本日は、本家ダリオこと、レイ・ダリオ氏が事あるごとに強調している「Diversification(分散投資)」ですが、なぜ分散投資が重要なのか、同氏の過去のインタビューや著書を基に整理してみました。
結論:分散投資によって期待リターンに対するリスク量が低減される
結論としては、適切な分散投資によって同じリターンを低いリスクで実現できるからです。
投資の失敗は大きな値動きによって、多額の含み損を抱えてしまい、それに経済的もしくは精神的に耐えられなくなることで、損失を確定し、マーケットから退場することで起きてしまいます。
つまり、リスク(=値動き)を自分の許容量以下に抑えることができれば、投資に失敗する可能性を著しく下げることができます。
この発想に基づいた投資戦略こそが、レイダリオ氏が推奨する「オール・シーズンズ戦略」であり、この投資戦略の根幹となる考え方が「Diversification(分散投資)」ということになります。
*もし「オール・シーズンズ戦略」をご存じでない方は、ぜひ下記の記事もご覧ください。私も5年前に知っていたら人生が変わったと思うくらいの、万人が知っておくべき内容です。
相関性が低い投資対象を組み合わせることでリスクが大きく軽減される
「適切な分散投資」とは相関性が低い投資対象を組み合わせることです。やみくもに投資対象の数を増やすことは正しい分散投資とは言えません。
下記グラフをご覧ください。これは、レイダリオ氏が「Holy Grail of Investing(投資の聖杯)」と呼ぶほど、重要な考え方が濃縮されているものです。

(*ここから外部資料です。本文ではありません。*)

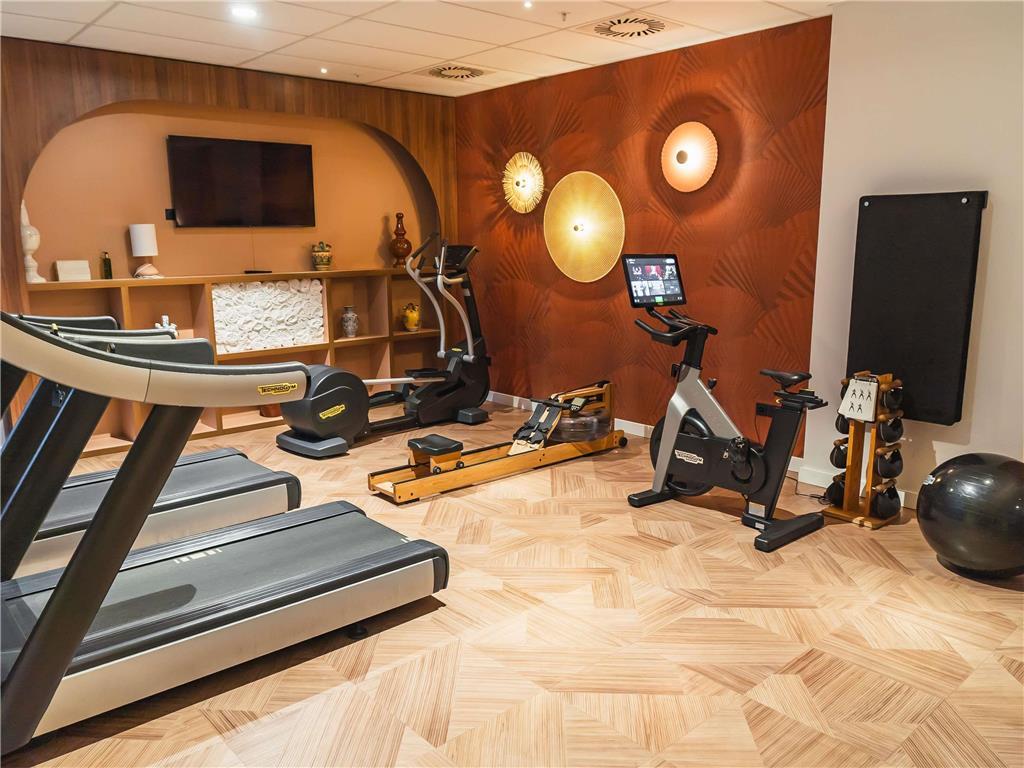 Ibis Styles Santa Justa 3* Sevilla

上表では、期待リターン・リスクともに10%の投資対象を想定し、それぞれの相関性が60%~0%だった場合に、新たな投資対象を加えることでどの程度リスクが軽減されるかを数値化したものです
ここで重要な点は、期待リターンはすべての投資対象で10%なので、全体として期待できるリターンは10%のままにも関わらず、リスク(=リターンのぶれ幅)が低減されているということです。
相関が低ければ低いほど、そして組み合わせる投資対象の数が多ければ多いほど、リスクが大きく低減されていますが、より重要なのは投資対象の数よりも互いの相関性であることが分かります。
特に強調したいのは相関ゼロの投資対象をポートフォリオに1つ加える方が、相関性60%の投資対象100個に分散投資するよりも、リスクが低減されるという点です。
株式同士は一般に高い相関性を持ちますので、このことは株式以外のアセットをポートフォリオに加えることの有効性を示唆しています。
株式との相関が低い資産クラスは原油・金・国債
分散投資のコンセプトが分かったところで、実際の各資産やセクターの相関性を見てみましょう。
ここではBespoke Investment Group社が出している相関関係一覧表を参照したいと思います。
まず、ちょっと古いデータではあるものの、長期間のデータとして、1990年~2008年までの各セクター・アセットの相関係数を示したテーブルを見てみましょう。

一番左の列を見てみると、S&P 500に対して、Oil・Gold・10年国債あたりがほぼ相関なしといえる結果になっています。あとは、新興国株(Emer. Mkt)の相関係数も0.34と比較的低い水準になっています。
次に近年の傾向として、2017年の単年でのデータを見てみましょう。

Oil、Gold、Long BondはS&P 500に対して相関がほぼゼロもしくは逆相関となっていますので、過去から傾向は変わっていないことが分かります。
最後にリーマンショック時(2007年10月~2009年3月)に株式市場が大きく値を下げた時に、それぞれのセクター・アセットがどのような相関性を示したかを見てみましょう。

ここでもS&P 500との相関性が低い投資対象は、Oil・Gold・長期国債で変わっていませんので、下落相場においてもこれらのアセットに分散投資をすることで、リスクが低減されることが確認できました。
まとめ:株式と債券を超えた投資こそが期待リターンに対するリスクを最小化する
やはりレイダリオ氏が勧めるように、株式に長期国債・金・コモディティを組み合わせたポートフォリオは、互いの相関性が低いことから、リスクを大きく低減してくれることが分かりました。
分散投資における最も重要な点は、投資対象の数を増やすより、いかに相関性が低い投資対象をポートフォリオに加えられるか、が鍵になるということです。
これを実行するには、株式と債券を超えたポートフォリオを構築していく必要があります。
具体的には金とコモディティですね。
本日の記事では「オール・シーズンズ戦略」の有効性がまたひとつ確認されました。
個人的にも、これからも「オール・シーズンズ戦略」をベースとしたポートフォリオを構築することで長期的に安定的な運用を実現していきたいと思います。
最後まで目を通していただき、ありがとうございました。